INPUT —
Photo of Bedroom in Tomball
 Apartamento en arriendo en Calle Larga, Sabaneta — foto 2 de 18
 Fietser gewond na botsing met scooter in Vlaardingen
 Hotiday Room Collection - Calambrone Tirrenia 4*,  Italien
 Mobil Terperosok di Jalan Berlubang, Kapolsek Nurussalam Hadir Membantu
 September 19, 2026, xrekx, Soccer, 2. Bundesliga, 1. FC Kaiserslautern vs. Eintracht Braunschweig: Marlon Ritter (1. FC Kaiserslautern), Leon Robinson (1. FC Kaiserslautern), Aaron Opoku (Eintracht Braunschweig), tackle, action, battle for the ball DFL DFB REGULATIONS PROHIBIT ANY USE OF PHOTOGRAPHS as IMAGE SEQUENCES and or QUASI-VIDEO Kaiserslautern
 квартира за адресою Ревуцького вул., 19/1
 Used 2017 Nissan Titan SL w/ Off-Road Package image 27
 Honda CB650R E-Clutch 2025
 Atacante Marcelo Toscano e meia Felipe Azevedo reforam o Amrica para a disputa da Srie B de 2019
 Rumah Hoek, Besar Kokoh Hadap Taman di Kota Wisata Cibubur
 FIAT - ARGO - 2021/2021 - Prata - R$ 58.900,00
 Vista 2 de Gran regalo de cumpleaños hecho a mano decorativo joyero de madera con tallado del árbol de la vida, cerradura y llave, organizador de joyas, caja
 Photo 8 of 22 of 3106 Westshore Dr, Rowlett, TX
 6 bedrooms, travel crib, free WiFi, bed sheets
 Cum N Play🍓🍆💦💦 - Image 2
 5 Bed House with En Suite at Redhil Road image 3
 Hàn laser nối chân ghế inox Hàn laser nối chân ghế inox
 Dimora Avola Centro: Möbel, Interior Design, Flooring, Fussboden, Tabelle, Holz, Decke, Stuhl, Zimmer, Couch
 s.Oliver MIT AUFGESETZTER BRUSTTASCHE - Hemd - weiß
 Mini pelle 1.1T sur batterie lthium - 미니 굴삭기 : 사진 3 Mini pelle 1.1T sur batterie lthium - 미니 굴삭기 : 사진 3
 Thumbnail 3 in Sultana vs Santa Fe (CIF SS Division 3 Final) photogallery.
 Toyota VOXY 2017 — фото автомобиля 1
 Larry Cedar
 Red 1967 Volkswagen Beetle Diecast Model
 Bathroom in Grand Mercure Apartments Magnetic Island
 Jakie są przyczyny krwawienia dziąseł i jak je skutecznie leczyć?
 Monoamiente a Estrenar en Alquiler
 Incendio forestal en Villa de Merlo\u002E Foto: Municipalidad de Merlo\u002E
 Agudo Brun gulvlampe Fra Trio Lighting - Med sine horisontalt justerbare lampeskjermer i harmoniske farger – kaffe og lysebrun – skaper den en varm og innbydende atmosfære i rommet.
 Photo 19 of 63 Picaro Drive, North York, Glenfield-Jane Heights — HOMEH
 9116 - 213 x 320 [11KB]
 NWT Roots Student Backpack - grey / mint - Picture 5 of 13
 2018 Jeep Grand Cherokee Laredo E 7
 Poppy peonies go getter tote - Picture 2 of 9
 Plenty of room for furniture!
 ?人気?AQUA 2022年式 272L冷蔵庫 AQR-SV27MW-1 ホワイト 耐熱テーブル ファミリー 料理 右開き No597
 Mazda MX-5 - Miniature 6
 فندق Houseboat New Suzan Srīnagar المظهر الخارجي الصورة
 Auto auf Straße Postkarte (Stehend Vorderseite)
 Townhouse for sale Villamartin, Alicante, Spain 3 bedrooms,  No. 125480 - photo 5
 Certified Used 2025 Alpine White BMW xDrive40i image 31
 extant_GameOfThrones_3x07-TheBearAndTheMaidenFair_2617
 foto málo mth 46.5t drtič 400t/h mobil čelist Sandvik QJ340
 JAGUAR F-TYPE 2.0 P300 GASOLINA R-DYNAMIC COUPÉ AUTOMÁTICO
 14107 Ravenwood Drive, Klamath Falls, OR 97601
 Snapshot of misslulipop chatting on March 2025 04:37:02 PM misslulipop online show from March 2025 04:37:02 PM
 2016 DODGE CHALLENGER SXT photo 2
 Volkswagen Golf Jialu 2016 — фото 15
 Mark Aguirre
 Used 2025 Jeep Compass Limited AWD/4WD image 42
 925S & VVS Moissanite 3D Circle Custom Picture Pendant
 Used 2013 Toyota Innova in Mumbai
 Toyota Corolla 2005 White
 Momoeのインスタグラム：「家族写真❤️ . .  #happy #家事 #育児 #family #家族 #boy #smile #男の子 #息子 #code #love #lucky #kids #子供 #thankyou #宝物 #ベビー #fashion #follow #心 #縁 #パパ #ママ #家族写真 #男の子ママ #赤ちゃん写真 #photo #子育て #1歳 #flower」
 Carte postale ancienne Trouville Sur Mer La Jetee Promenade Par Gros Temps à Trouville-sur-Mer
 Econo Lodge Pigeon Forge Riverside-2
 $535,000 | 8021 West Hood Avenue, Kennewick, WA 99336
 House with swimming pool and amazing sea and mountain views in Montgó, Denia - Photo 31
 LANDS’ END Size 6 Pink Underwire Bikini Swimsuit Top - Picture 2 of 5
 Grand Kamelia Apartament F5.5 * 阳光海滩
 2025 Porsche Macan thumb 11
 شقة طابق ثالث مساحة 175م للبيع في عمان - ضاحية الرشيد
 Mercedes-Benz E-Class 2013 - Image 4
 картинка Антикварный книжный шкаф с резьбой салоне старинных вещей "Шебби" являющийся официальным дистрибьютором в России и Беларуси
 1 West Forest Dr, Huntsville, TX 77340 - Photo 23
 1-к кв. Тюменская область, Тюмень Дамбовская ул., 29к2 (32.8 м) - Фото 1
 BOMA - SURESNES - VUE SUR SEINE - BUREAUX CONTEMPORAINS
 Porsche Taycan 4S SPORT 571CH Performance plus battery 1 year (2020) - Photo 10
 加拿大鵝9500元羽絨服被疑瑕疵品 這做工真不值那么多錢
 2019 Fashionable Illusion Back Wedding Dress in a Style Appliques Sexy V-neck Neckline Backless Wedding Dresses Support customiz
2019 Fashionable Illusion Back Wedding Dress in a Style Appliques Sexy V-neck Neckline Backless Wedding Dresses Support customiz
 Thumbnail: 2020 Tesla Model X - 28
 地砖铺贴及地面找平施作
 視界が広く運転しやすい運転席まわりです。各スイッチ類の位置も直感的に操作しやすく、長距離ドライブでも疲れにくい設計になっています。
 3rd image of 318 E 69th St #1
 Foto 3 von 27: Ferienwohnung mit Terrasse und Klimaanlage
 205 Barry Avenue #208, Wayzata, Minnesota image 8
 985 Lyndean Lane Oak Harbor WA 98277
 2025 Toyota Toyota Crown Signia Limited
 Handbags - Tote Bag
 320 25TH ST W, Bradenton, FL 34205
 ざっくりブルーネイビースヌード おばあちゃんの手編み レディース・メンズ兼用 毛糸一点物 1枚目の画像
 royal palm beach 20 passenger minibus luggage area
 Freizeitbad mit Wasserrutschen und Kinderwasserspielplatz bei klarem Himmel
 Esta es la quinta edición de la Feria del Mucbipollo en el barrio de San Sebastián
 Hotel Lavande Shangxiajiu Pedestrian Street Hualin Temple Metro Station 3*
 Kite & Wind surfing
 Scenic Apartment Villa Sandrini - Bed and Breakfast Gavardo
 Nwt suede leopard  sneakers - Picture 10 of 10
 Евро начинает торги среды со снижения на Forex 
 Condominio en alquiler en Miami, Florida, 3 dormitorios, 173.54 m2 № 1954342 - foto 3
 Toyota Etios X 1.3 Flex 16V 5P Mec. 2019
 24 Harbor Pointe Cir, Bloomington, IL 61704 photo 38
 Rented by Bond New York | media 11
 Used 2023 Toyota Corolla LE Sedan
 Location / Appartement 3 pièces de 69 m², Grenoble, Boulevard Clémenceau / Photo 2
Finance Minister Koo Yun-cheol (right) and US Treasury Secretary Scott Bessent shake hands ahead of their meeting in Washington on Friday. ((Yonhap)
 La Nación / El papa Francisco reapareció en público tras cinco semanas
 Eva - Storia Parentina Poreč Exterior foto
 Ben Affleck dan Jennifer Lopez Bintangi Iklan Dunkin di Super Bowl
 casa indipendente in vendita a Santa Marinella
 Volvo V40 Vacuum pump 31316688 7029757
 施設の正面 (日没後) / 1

INSTRUCTIONS FOR THE TASK — The first line of the records begins the span, and the line containing "Mobil Terperosok di" ends it. Reproduce that span exactly, both ends included.

REPLY TO THE EXERCISE —
Photo of Bedroom in Tomball
 Apartamento en arriendo en Calle Larga, Sabaneta — foto 2 de 18
 Fietser gewond na botsing met scooter in Vlaardingen
 Hotiday Room Collection - Calambrone Tirrenia 4*,  Italien
 Mobil Terperosok di Jalan Berlubang, Kapolsek Nurussalam Hadir Membantu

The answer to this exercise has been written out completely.